A word-for-word copy of the listing, free of images, is the expected answer.

EXERCISE DATA –
───

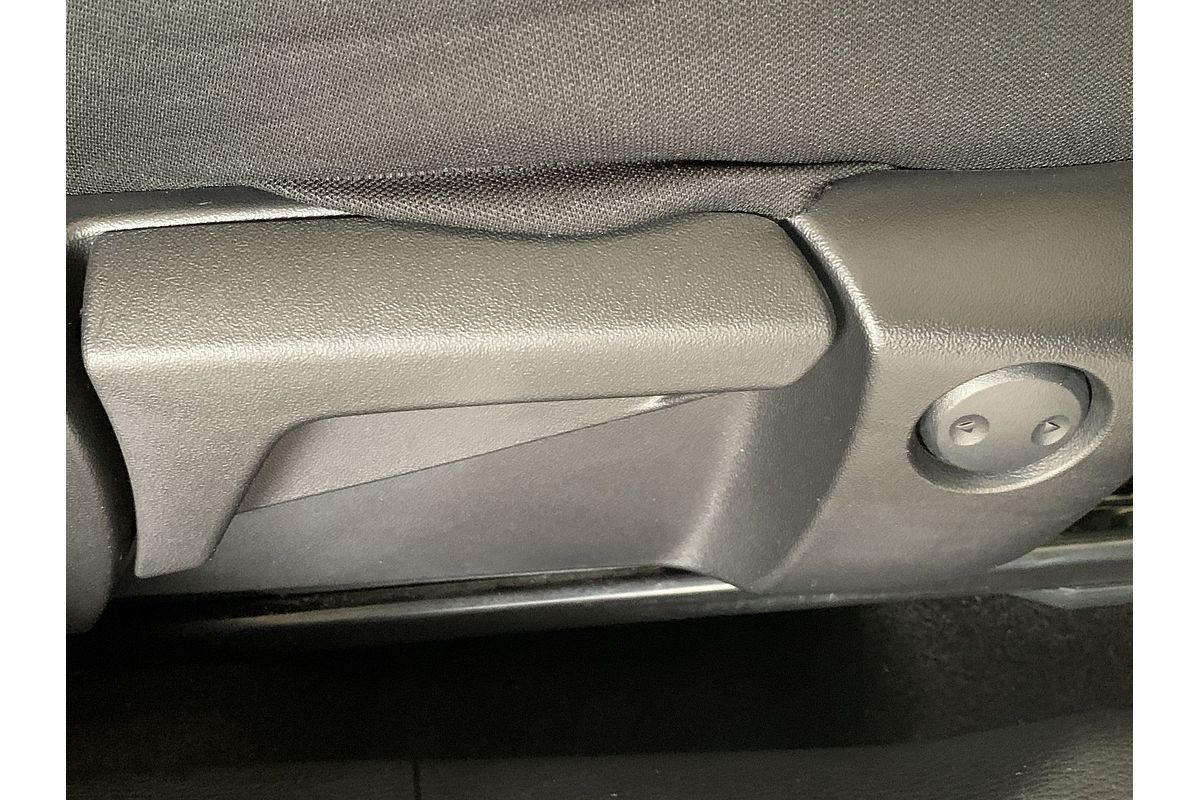2023 Mitsubishi Outlander ES ZM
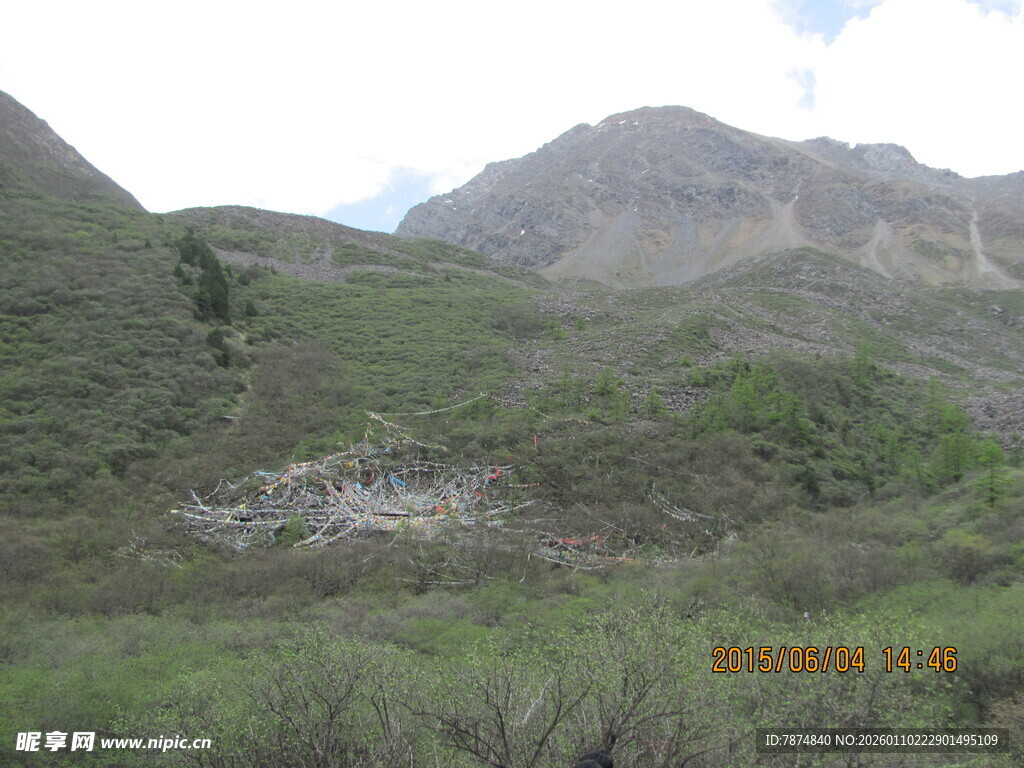 山间绿意盎然的自然景致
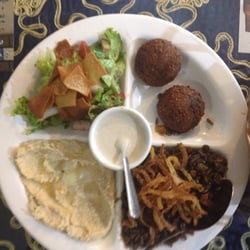 Baghdad - Prato quente de falafel. 3 falafels, arroz com lentilhes, salada fatoush e hummous! Delicia. R$30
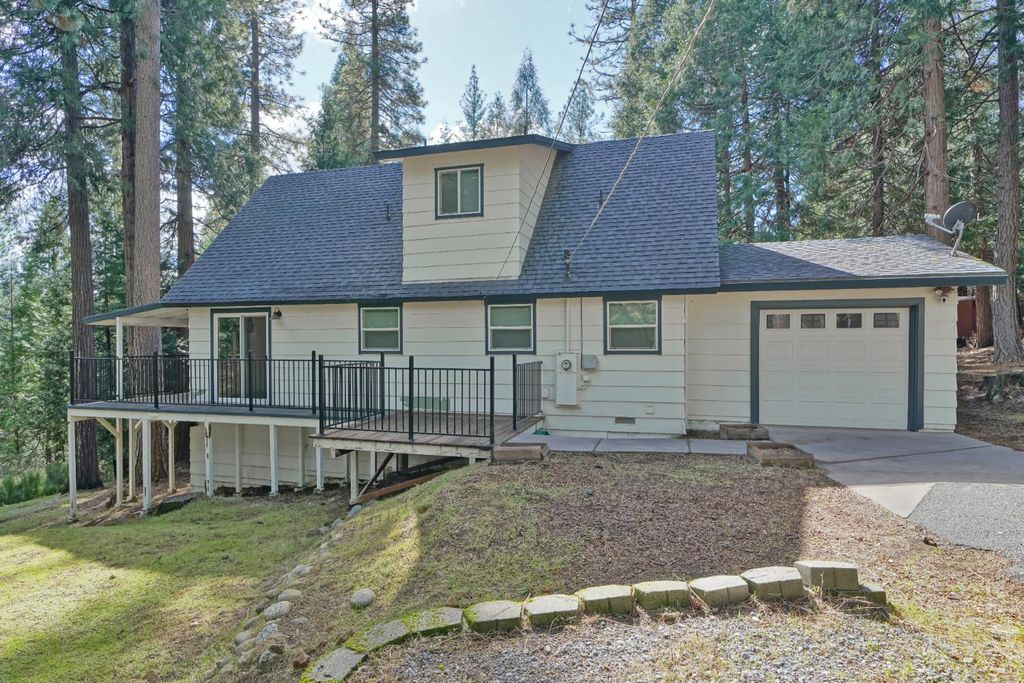 5163 Loch Leven Dr, Pollock Pines, CA 95726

───

ANSWER FOR THE TASK –
2023 Mitsubishi Outlander ES ZM
 山间绿意盎然的自然景致
 Baghdad - Prato quente de falafel. 3 falafels, arroz com lentilhes, salada fatoush e hummous! Delicia. R$30
 5163 Loch Leven Dr, Pollock Pines, CA 95726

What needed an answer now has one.